The four suspected members of Jamaah Islamiah (JI), the group blamed for last month's bomb attacks that killed nearly 200 people on the Indonesian resort of Bali, were caught between Nov. 16 and Nov. 20 in the southern Malaysian state of Johor.
Three were Malaysian and one was Singaporean, a security official said.
He said three of them were part of a suicide squad who were to have provided back up to a Jamaah Islamiah cell which was broken up last December after Singaporean police discovered plans to attack the U.S. embassy and other targets there with truck bombs.
They were believed to be part of a group directed by Hambali, a shadowy Indonesian preacher who has been identified by Malaysia and Singapore as a Jamaah Islamiah ringleader, and one of the key contacts with Osama bin Laden's al-Qaeda network.
"I believe these groups identify themselves as a suicide bombing (squad)...they call themselves as a suicide squad," police chief Norian Mai told a news conference.
The policeman, while revealing the latest arrests, said Malaysia had not received any new information from the United States, despite Washington's warnings last week to its citizens in Malaysia of the risk of another Bali-style attack.
In Indonesia, police questioned Imam Samudra, the suspected ground commander in the Bali bombings, over other attacks there. Investigations linked both Samudra and militant Muslim cleric Abu Bakar Bashir to several attacks in Indonesia two years ago.
Bashir, who denies accusations that he is the spiritual leader of Jamaah Islamiah, spent most of the 1990s in Malaysia, based around the west coast port of Klang.
Samudra had also operated from Klang, as did Hambali. Police are still searching for Hambali.
Neither Hambali or Bashir have been tied to the Bali attacks yet.

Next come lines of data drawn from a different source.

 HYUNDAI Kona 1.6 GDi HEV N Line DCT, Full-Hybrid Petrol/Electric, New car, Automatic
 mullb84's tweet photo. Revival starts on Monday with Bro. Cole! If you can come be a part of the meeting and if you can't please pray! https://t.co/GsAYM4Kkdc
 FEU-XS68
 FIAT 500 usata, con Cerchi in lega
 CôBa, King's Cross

Indonesian police say they have arrested 15 people so far in the wake of the Bali investigation, but it is unclear how many are directly implicated.
Another senior Malaysian security official described the men captured in Johor this month as foot soldiers, rather than leaders of Jamaah Islamiah.

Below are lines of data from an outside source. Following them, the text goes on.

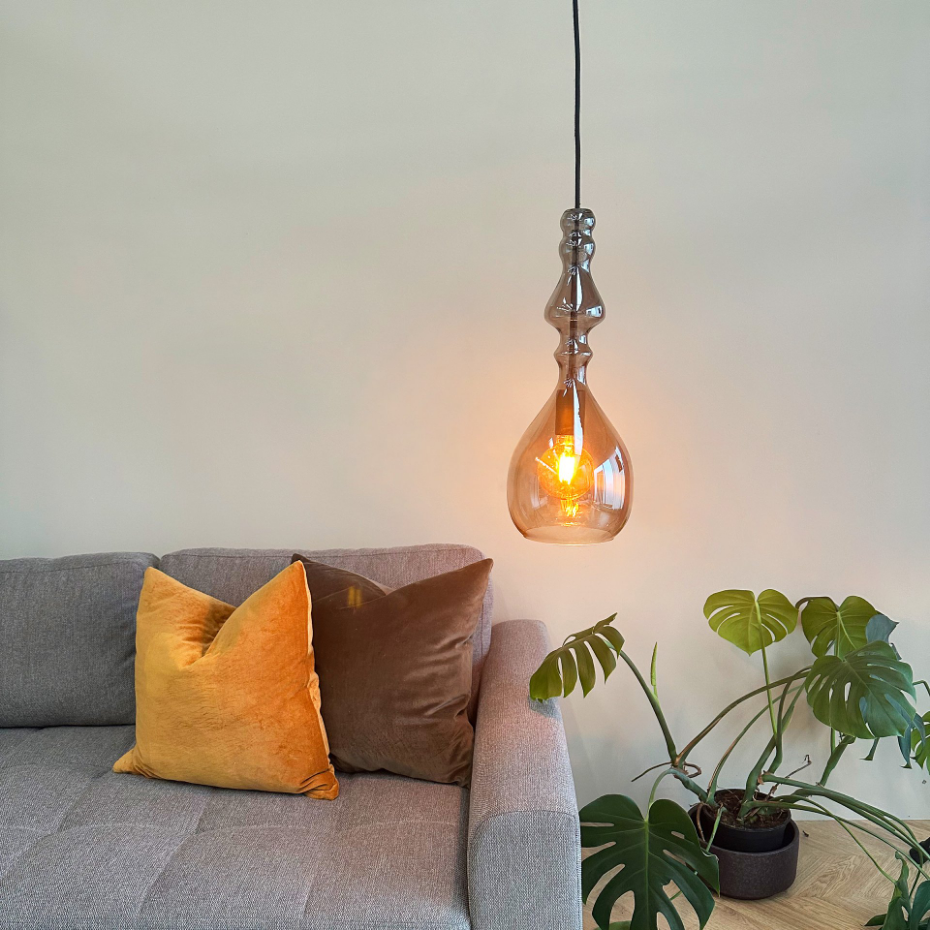 Suspension en verre LEA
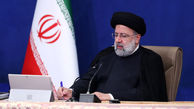 آیت‌الله رئیسی: امروز راهپیمایی اربعین جلوه‌ای از جبهه مقاومت بین‌المللی است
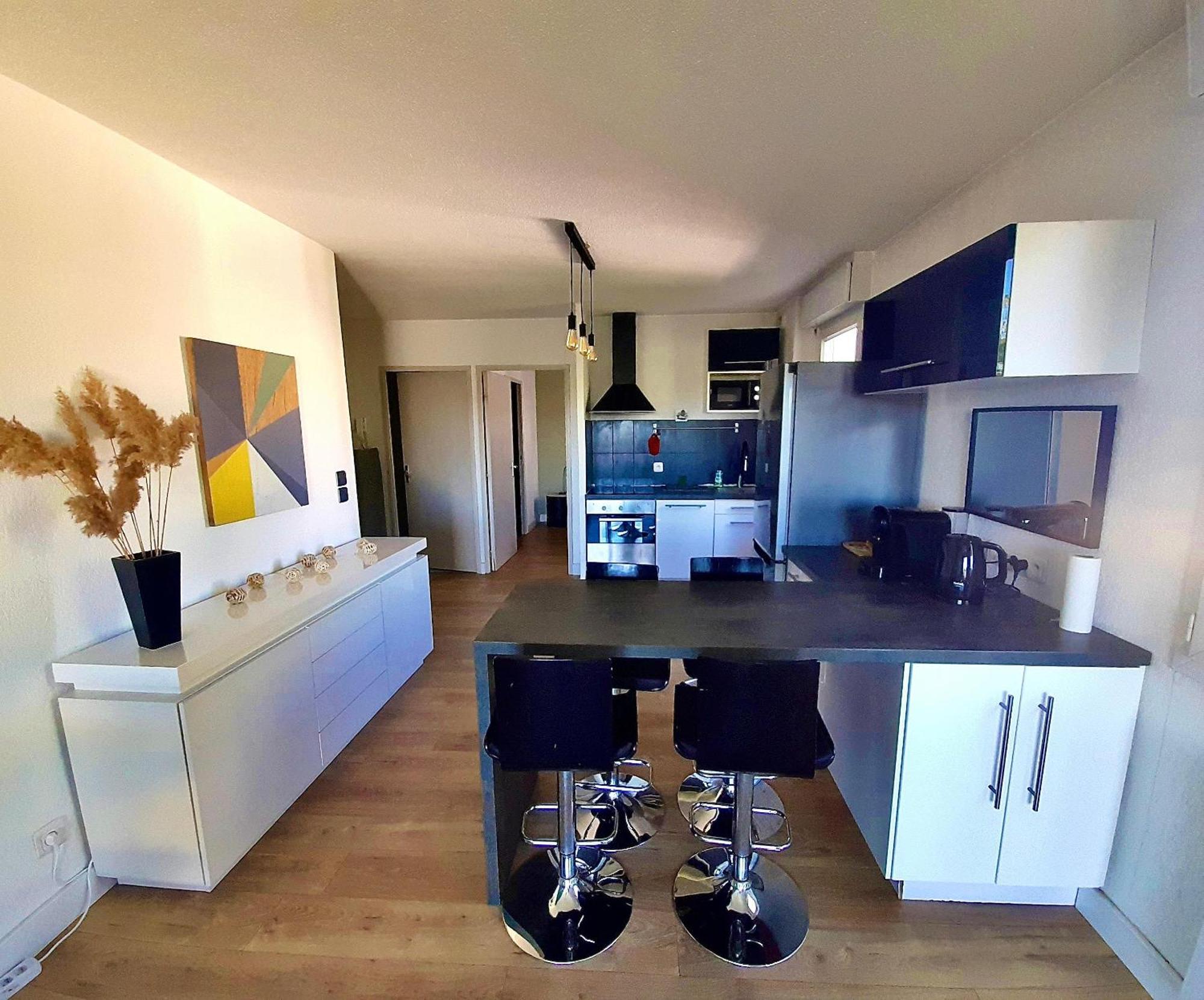 Apartamento Terrasse De La Pompignane - T2 Lumineux Plein Sud Montpellier Exterior foto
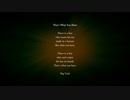 【Vocaloid / Amy / original】That's What You Have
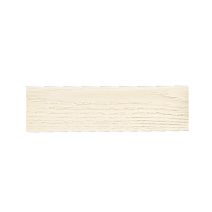 Barre à rideaux bois Ø28mmx1,5m blanchi - MOBOIS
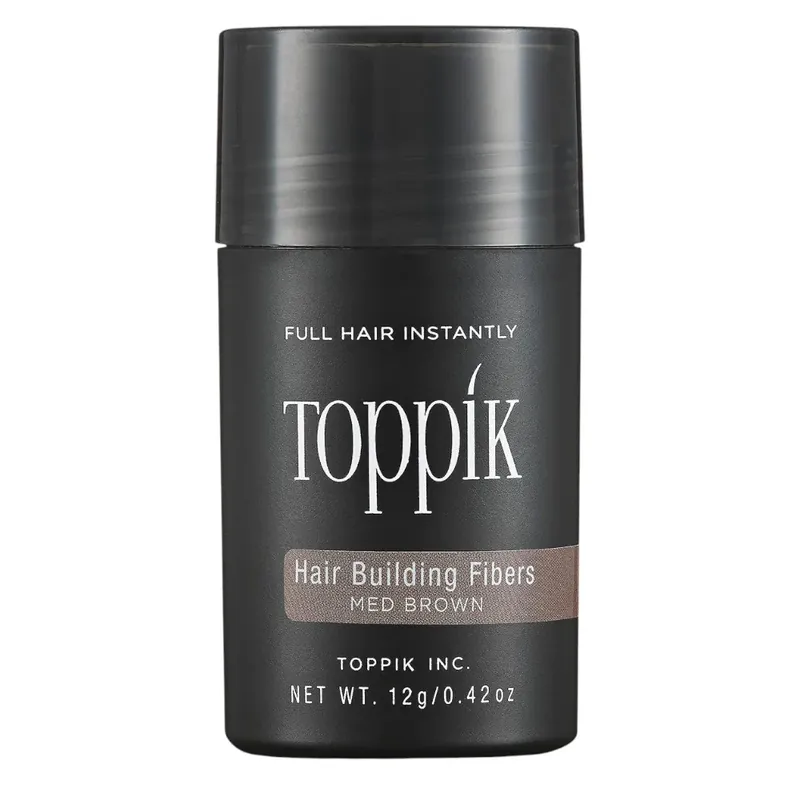 Angebot Toppik Hair Fibres 12 g Medium Brown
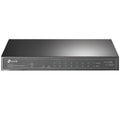 TP-Link TL-SG1210P switch di rete Non gestito Gigabit Ethernet (10/100/1000) Supporto Power over Ethernet (PoE) Grigio [TL-SG1210P]
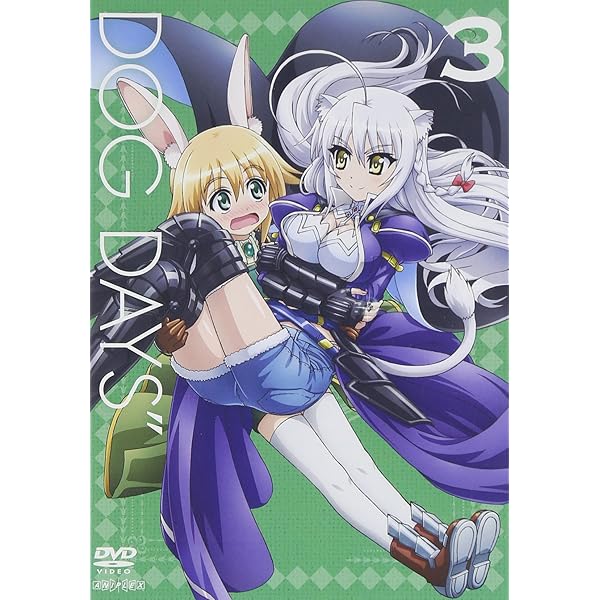 DOG　DAYS’　6（完全生産限定版） DVD 71iOijZqjiL._UF350,350_QL50_.jpg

"They are not big wheels, they are lower level," said the official, who declined to be identified.
Officials say the four had fled Malaysia after their cell was cracked last December, but were spotted sneaking back in the last couple of months.
They were kept under surveillance before being picked up, and police expect to make more arrests soon, officials said.
In the last year, Malaysia, Indonesia, the Philippines and Singapore have arrested dozens of suspected members of the Jamaah Islamiah, a Southeast Asian group linked to the al-Qaeda network.
The latest arrests take the number of suspected militants being held in Malaysia under a tough internal security law to 73.
Police say Jamaah Islamiah is intent on building a Muslim state spanning the southern Philippines, Malaysia, Singapore, Indonesia and southern Thailand.
In October, Malaysian authorities said they had detained five suspected Muslim militants, including one linked to al-Qaeda, the group Washington says carried out the Sept. 11 attacks.